:: What to work on ::
Lines from the entries below that hold "Daily" form the answer; copy all of them.

:: Source data ::
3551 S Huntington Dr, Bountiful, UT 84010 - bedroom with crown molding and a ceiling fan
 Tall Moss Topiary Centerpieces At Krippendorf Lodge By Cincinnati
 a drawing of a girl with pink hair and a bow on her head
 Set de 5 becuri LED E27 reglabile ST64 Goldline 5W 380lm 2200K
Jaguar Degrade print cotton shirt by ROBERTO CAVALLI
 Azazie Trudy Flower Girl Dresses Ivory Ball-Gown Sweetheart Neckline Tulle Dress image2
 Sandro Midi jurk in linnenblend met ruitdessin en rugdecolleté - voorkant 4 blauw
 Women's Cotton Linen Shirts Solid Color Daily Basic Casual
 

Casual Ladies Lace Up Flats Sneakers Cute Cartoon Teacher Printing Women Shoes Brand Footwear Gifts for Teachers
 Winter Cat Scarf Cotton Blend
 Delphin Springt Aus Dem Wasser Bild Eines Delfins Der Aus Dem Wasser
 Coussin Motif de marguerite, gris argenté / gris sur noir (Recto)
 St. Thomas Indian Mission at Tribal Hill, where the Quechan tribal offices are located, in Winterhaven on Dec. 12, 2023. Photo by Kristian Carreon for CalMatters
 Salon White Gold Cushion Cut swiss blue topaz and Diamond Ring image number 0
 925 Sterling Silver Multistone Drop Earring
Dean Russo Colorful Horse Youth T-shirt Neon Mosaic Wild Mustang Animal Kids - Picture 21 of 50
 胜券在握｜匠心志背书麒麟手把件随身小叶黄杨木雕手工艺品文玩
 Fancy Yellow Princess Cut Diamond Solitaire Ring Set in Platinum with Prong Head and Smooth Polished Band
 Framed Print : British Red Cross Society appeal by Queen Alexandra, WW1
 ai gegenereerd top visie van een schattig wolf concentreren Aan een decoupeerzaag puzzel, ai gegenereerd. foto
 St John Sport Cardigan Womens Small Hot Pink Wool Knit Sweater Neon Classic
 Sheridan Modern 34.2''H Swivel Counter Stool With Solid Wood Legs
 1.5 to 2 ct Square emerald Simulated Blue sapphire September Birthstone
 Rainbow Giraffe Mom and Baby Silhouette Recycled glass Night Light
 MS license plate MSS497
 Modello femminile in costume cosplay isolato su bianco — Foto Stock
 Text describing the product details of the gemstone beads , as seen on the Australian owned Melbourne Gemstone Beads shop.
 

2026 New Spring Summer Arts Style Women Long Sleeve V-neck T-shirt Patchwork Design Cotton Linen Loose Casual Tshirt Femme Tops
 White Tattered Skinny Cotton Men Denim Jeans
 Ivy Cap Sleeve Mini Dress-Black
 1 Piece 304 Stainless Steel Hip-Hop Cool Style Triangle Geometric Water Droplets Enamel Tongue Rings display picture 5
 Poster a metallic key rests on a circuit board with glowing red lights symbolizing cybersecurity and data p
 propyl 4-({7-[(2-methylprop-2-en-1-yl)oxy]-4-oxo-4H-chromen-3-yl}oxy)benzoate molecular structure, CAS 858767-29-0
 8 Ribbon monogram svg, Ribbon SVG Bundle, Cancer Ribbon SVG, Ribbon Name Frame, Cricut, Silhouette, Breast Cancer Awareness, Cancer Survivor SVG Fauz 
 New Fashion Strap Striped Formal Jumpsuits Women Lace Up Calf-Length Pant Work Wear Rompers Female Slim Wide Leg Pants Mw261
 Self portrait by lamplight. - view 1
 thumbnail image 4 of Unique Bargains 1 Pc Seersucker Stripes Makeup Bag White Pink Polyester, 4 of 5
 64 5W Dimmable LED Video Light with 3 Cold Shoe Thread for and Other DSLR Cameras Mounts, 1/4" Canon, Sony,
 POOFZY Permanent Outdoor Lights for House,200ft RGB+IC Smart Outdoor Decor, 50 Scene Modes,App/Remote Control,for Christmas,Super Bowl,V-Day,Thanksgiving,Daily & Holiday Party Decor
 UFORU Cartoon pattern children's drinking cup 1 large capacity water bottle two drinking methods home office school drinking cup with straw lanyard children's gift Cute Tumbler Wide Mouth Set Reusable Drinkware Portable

:: Finished task ::
 Women's Cotton Linen Shirts Solid Color Daily Basic Casual
 POOFZY Permanent Outdoor Lights for House,200ft RGB+IC Smart Outdoor Decor, 50 Scene Modes,App/Remote Control,for Christmas,Super Bowl,V-Day,Thanksgiving,Daily & Holiday Party Decor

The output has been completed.